To perform high press, Revs players must ingest the calories

Adam Klionsky/New England Revolution

FOXBOROUGH — Think back to April 1989, when Sports Illustrated wrote a several-page spread about the Packers’ first-round draft choice that year, lineman Tony Mandarich. At one point in the story, the magazine went into great detail about his personal grocery list which, as one might expect, would feed an army battalion.

For a lineman, the calories Mandarich had to inhale in order to perform are upward of 4,000 per day. That’s a lot of chow.

For a soccer player conditioned to run for eight to nine kilometers over the course of two hours? Believe it or not, it’s not too far off from that — especially when the players perform in a system which generates a lot of energy, much like the system Brad Friedel has instituted with the Revolution this season.

In the months leading into this year, Friedel brought Anton McElhone to Foxborough as the club’s head of fitness, which is an all-encompassing title — including looking after the players’ diets.
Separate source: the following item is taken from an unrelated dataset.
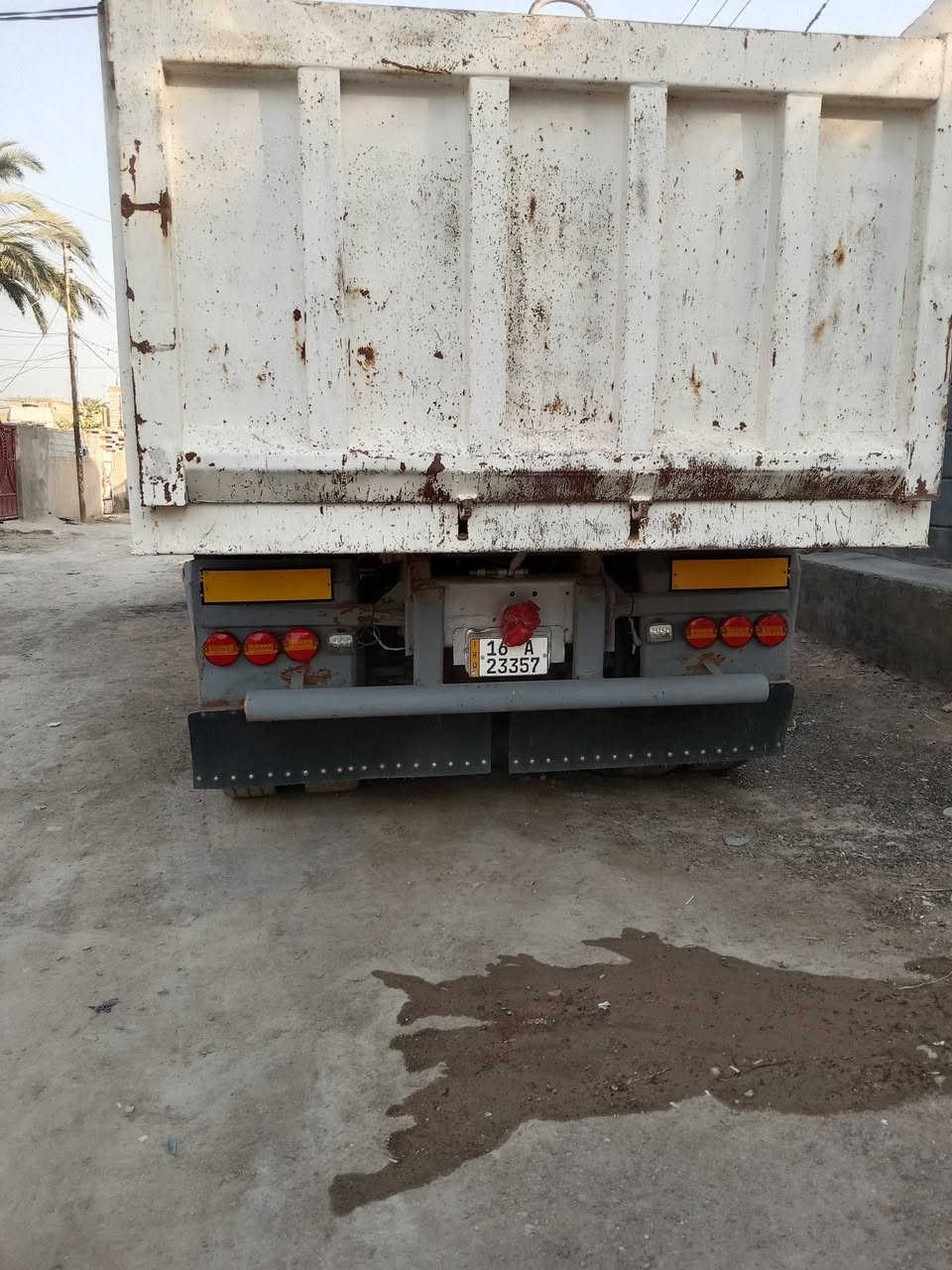 لبيع كفاله عامه مكان الديوانية بسمي رقم  قادسيه. تبريد ثلج تفاصيل تصل‏‪0782 101 9946‬‏ ١٦٠ وبيه مجال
McElhone, a Glasgow native who studied sports with exercise science at the University of the West of Scotland as well as obtaining a master’s in strength and conditioning from the University of Edinburgh, served in that capacity while the Revs gaffer played at Tottenham Hotspur FC in North London.

Since coming aboard, McElhone has carefully crafted the Revs’ dietary plans, and has done so in a way that takes into account not only the player’s positions but their hereditary backgrounds, as well.